Retrieving coherent, contextualized information from a repository of structured journalism can be a relatively simple task, because the information content has already been identified, structured and organized at the time of reporting rather than at the time of retrieval.

The capacity to accumulate structured news has substantial implications for the quality of journalism, because structured information can be refined and improved by many people over long periods of time. If a journalist discovers an error in an archived text article, or uncovers new information pertinent to a past article, it makes no sense for them to go back and rewrite that article, and it makes even less sense for another journalist to do so. In contrast, correcting records and adding new information to a database is a normal, everyday occurrence — so would correcting and adding to a structured journalism repository. This ability to continually refine and improve society’s first draft of history would be new. It might eventually enable journalistic and historical knowledge to behave in much the same way as complex computer programs, which “evolve” as they are gradually improved by hundreds of programmers and feedback from millions of users.

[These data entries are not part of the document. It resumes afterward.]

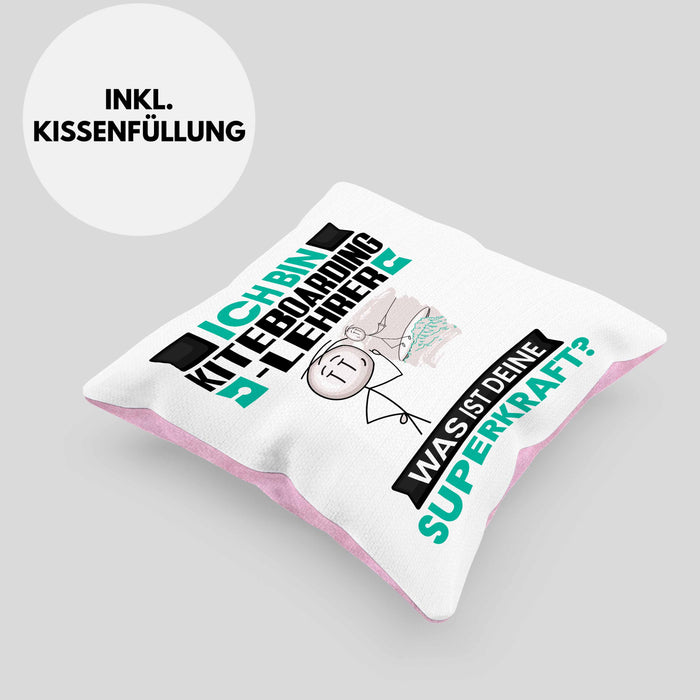Kiteboarding-Lehrer Kissen mit Füllung 40x40 Geschenk für Kiteboarding-Lehrer Geburtstag Lustiger Spruch Was Ist Deine Superkraft (Grau) Rosa Trendation
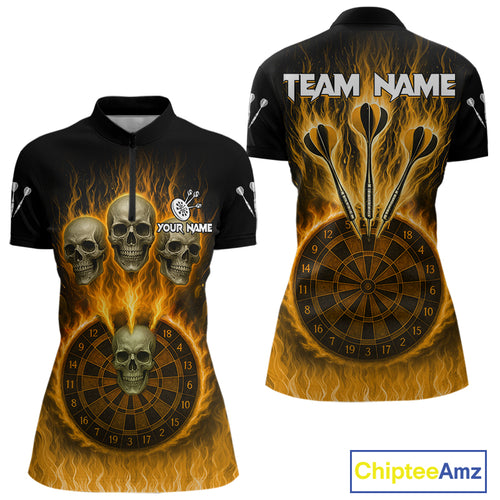 Custom Yellow Flames Dartboard Horror Multi Skull Dart Women Quarter-Zip Jerseys Outfits Dart Shirt NYN1681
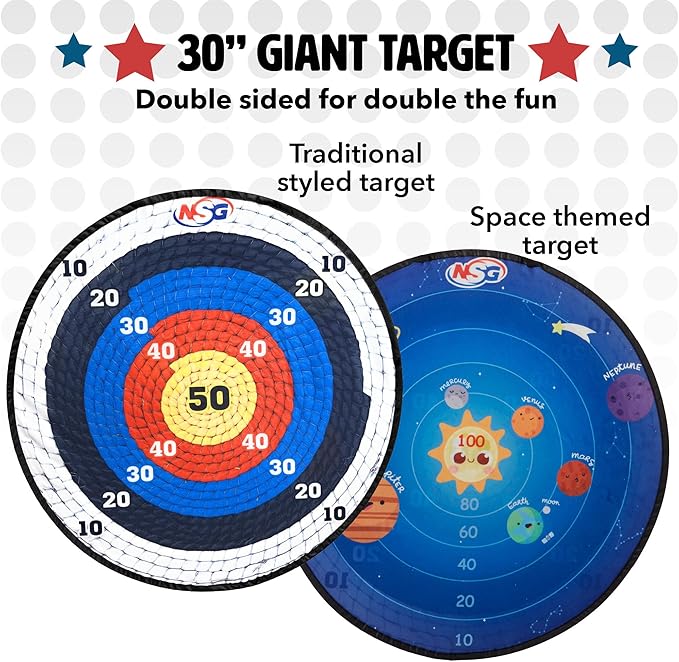 NSG Target Toss Large Dart Board for Kids 30in Giant Kids Dart Board Double Sided Game Set for Indoor and Outdoor Fun with 12 Sticky Balls and Carry Bag-StrideForce Fitness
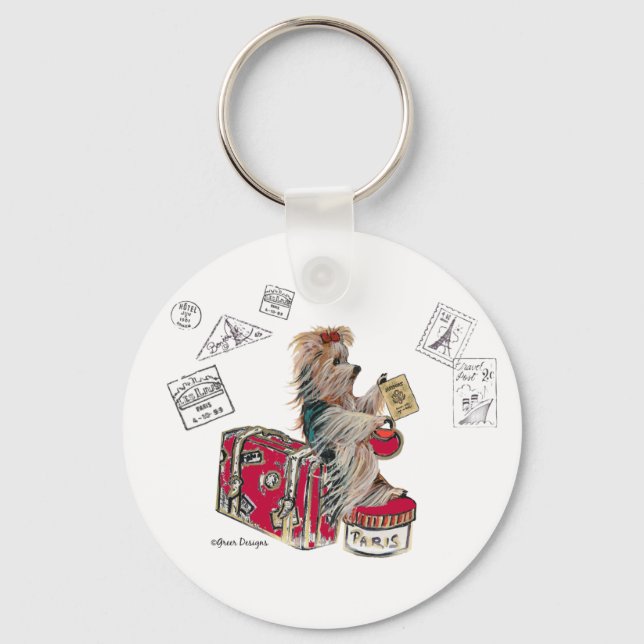 Yorkie Travelling Paris Key Ring (Front)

A second beneficial characteristic of structuring news is its potential to convert every individual news event into a definitive and explicit factual claim, each with its own unique identifier. This potential is demonstrated by PolitiFact, the pioneering and Pulitzer Prize-winning structured journalism website that identifies factual claims by politicians and pundits. Journalism expressed as written language can often be ambiguous or vague, with information sometimes being implied or suggested rather than directly stated. In contrast news that has been structured is refutable, sourceable, attributable and verifiable at the level of individual events or facts. Specificity also facilitates debate and comment that is focused on the truth or falsity of facts rather than on differing interpretations of written text.

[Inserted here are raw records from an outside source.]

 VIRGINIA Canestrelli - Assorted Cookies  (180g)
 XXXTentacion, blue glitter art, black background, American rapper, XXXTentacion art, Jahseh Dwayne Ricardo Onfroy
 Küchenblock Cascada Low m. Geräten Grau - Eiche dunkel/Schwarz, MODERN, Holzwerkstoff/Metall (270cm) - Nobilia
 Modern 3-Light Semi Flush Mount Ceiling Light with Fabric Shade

The potential of structured journalism to continually refine news and to make it explicit both contribute to a fascinating possibility: Structuring news may enable a new form of objectivity to develop, more akin to scientific objectivity than to traditional journalistic objectivity. This new form of objectivity, referred to by some scholars as “second order objectivity,” is based on the truthfulness or falsity of specific factual claims, and on arguments and conclusions that are rooted in those specific factual claims. This possibility is particularly important because public trust in traditional forms of journalistic objectivity is declining rapidly, while trust in data is increasing.  

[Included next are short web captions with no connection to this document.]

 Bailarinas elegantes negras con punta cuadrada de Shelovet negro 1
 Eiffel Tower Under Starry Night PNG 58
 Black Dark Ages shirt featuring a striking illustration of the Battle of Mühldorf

A media environment where journalism is routinely structured and accumulated could potentially provide society with a dramatically enhanced collective memory. News and journalistic information would be organized and contextualized just once, at the time of reporting, and be available to everyone via a variety of interactive interfaces. The knowledge content of archives would become accessible and useful, and therefore valuable and sustainable. Journalism organizations would have an opportunity to rebuild public trust using new forms of transparency, specificity, verification and objectivity. Transitioning to such a media environment would likely be a decades-long effort, but a diverse array of experiments, prototypes and products are already appearing. Some, like PolitiFact, are already improving the functioning of our society.